The same year, party activists co-founded the Damascus Declaration, a coalition of parties, human rights groups and pro-democracy activists named for their document demanding the country's transformation from a "security state to a political state" based on regular free elections, a democratic constitution, the rule of law, pluralism, and individual rights.

Party leader Faeq al-Mir was arrested in December 2006 after being taped by Syrian intelligence agents calling Lebanese politician Elias Atallah to offer condolences for the death of Pierre Gemayel, Lebanon's Minister of Industry. Al-Mir was charged with "undertaking acts that weaken national sentiment during times of conflict" and "communicating with a foreign country to incite it to initiate aggression against Syria or to provide it with the means to do so" and sentenced to three years in prison. Amnesty International adopted him as a prisoner of conscience and campaigned for his release. He was still missing in 2015.

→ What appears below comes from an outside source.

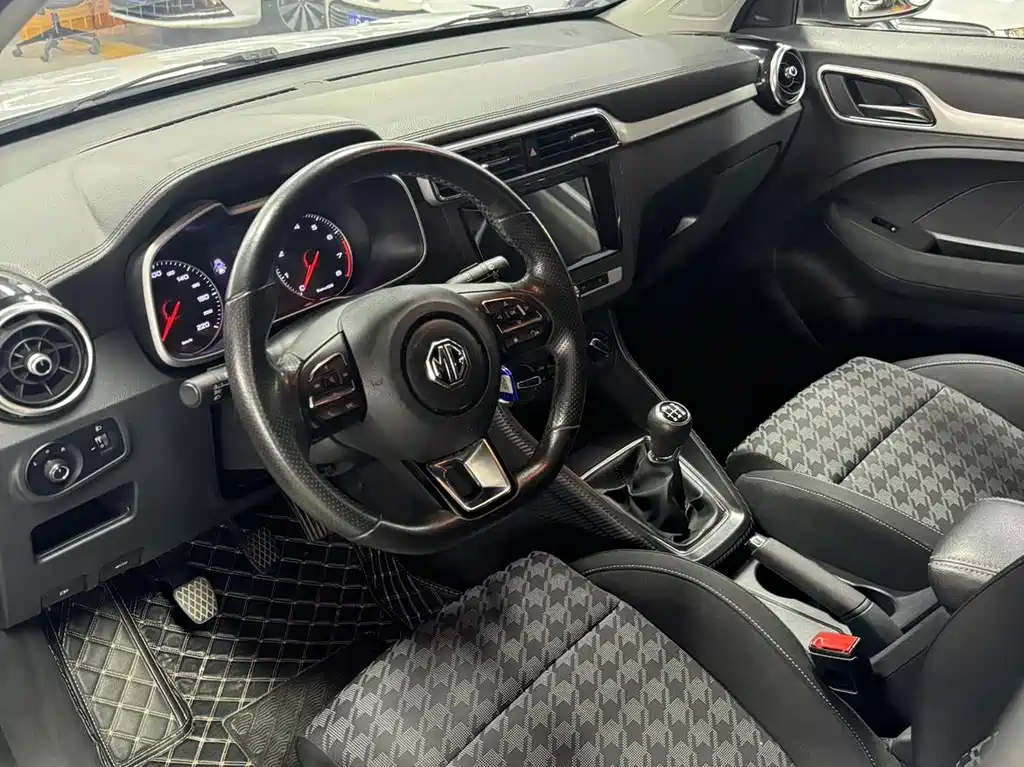 MG ZS — миниатюра 10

==During the Syrian Civil War==
Pro-Assad forces arrested three prominent members of the party, after the beginning of the popular uprisings in 2011; Ghias Youn Soud, the party secretary general, Omar Kashash, trade unionist from the city of Aleppo, and Fahmi Yousef. They were all soon released.

The party joined the Syrian National Council in 2011 through its participation in the Damascus Declaration.

George Sabra was acting president of the Syrian National Coalition from 2012 to 2013.